Determining the frontal area in act 312 may be performed in any
number of manners. For instance, frontal area may be assumed to be
an approximate value that is fixed value regardless of the riding
position or personal characteristics of a user. In such a case, the
frontal area may be between about 0.4 meters and about 0.6 meters,
although such values are merely examples and the frontal area may
be higher or lower. In still other embodiments, frontal area may be
approximated in a manner that varies based on factors similar to
those optionally considered in determining the drag coefficient. A
determination of the frontal area in act 312 may include obtaining
an approximation based on any combination of a fixed value, or a
user's height, weight, or riding position. Such information may be
obtained using sensors, user input, from data stores, using a
processor/controller, or in other manners.
[0107] In some embodiments of the present disclosure, an exercise
system may include one or more controllers or other modules (see
FIG. 4) that act as a simulation system for weather or other
environmental factors. For instance, surface wind may have a
significant effect on a real-world cyclist, but almost none on a
user of a stationary cycle, particularly if the stationary cycle is
indoors. In the method 300, simulating real-world conditions may
include determining a simulated wind velocity (act 314) in the step
for determining simulated air resistance (step 306).
[0108] Determining simulated wind velocity (act 314) can include
evaluating any number of resources to set or determine the relevant
wind to be simulated. For instance, in one embodiment an exercise
system may include a component that generates a random or
pseudo-random wind value and/or direction. In other embodiments,
wind may be based on the actual location being simulated. By way of
illustration, if a rider is simulating the fourth stage of the Tour
de France, a wind simulation system of exercise system may access
real-time weather information of the Brittany region of France, may
access historical or average values, or may obtain wind information
in other manners. In still other embodiments, a user may have full
or partial control over wind values. For instance, a user may
create a workout and indicate that the simulated wind should
satisfy certain criteria (e.g., minimum, maximum, direction, fixed,
variable, etc.). The system may then be set to apply the wind based
on such criteria and, if appropriate, vary the wind speed in a
regular or random nature. The direction of simulated wind may be
similarly determined, but may also be based on the direction of
travel being simulated for the user.

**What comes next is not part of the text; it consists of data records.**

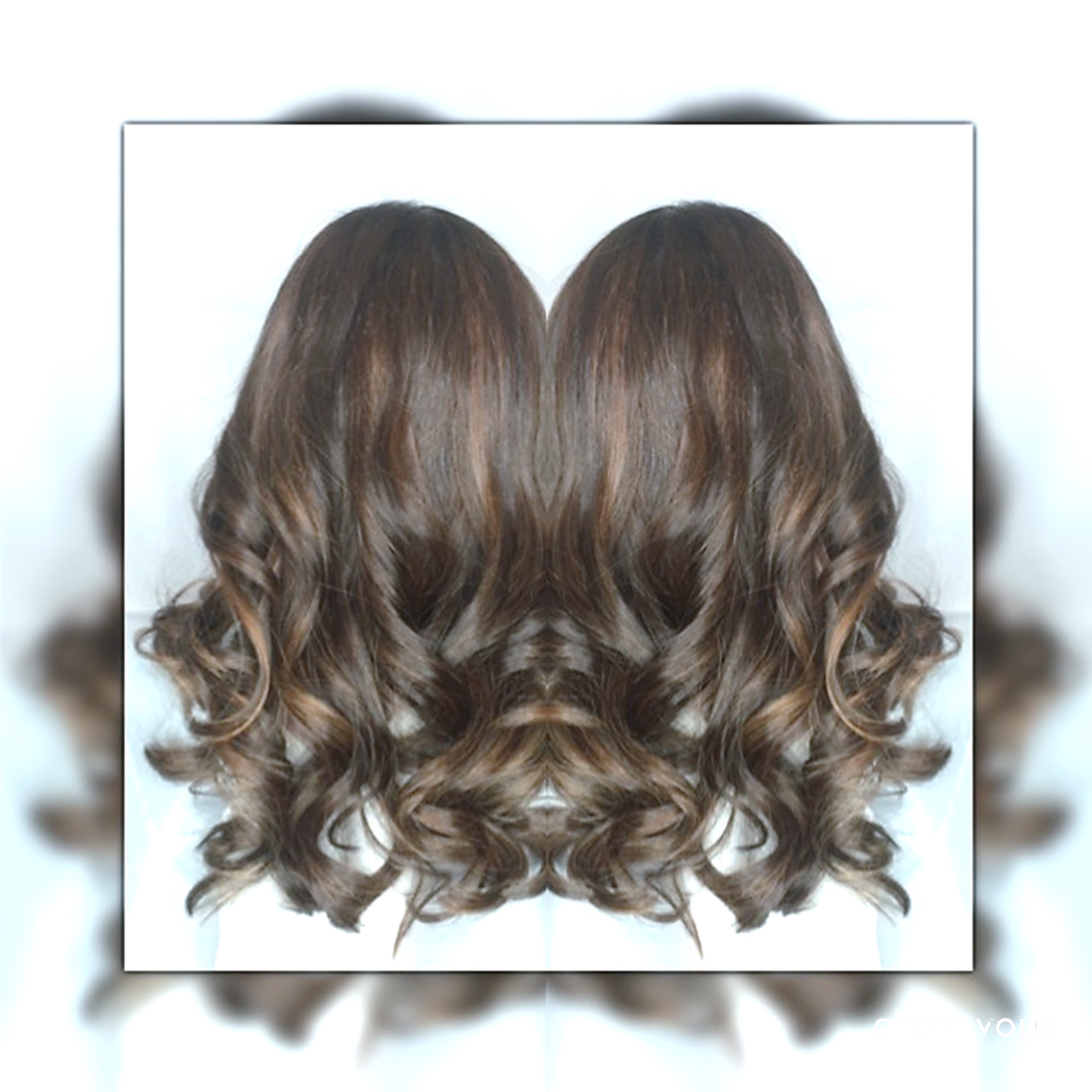 Done by Associate Salon Director of Chez Vous: Shawn Chia | Design: Melted Rich Woodsy Brown Balayage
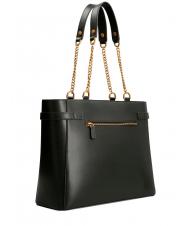 GUESS ZADIE Girlfriend Schultertasche SCHWARZ - Damentaschen - 2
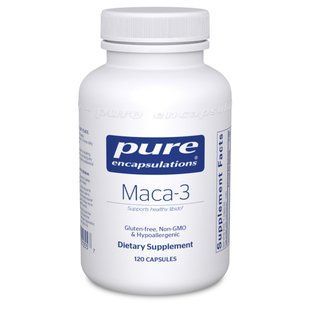Мака Pure Encapsulations (Maca-3) 550 мг 120 капсул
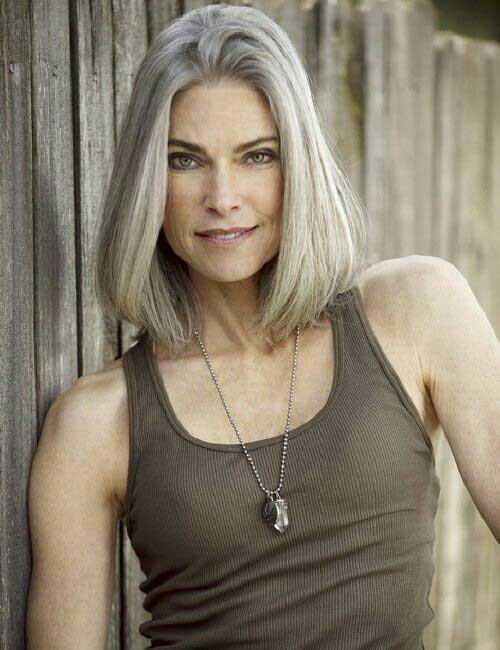 Short Hair For Ladies Over 50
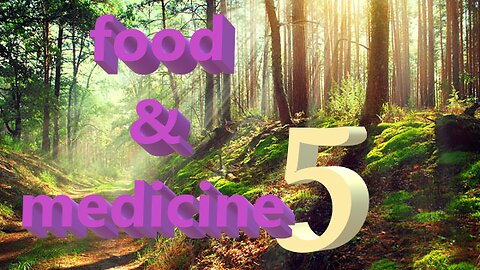 Food & Medicine 5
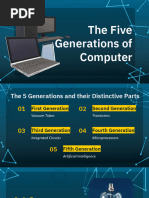 Second Generation Computers (1956-1963) | PDF | Transistor | Computer ...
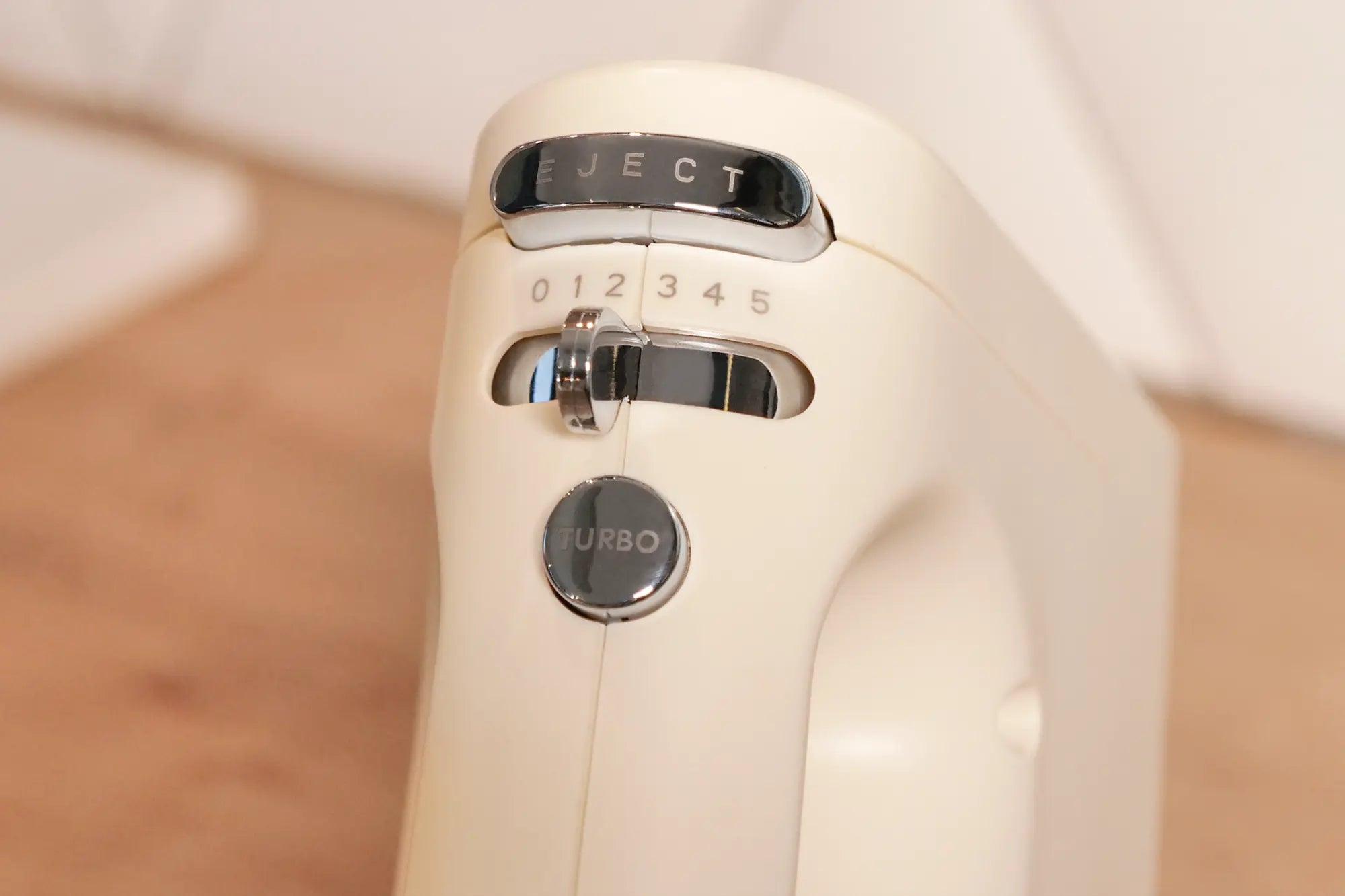 Batteur électrique SUNRISE fonction intensité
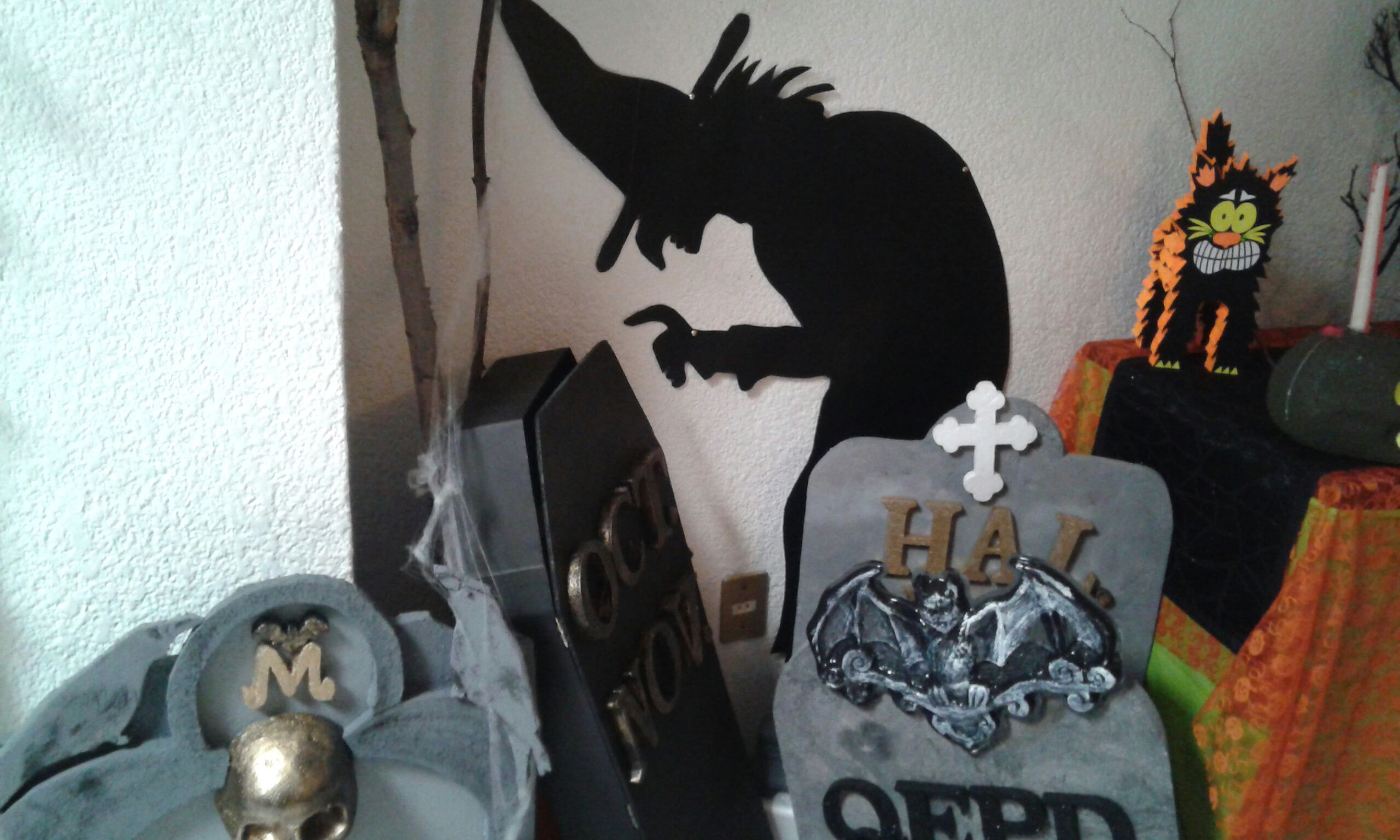 Bruja maldiciendo - Brujas (Halloween) ornament collectible [Barcode 110030270059] - Main Image 2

Accordingly, in determining
simulated wind velocity, a speed and direction component of the
simulated wind may be obtained. The direction component may be an
absolute value (e.g., southwest) or may be relative to the
simulated direction in which the rider is moving during a workout
program (e.g., thirty degrees off parallel to the direction of
travel).
[0109] Where the simulated wind direction is not directly in a
headwind or tailwind direction, the simulated wind is optionally
separated into components. The components may be obtained for
directions parallel and/or perpendicular to the travel direction.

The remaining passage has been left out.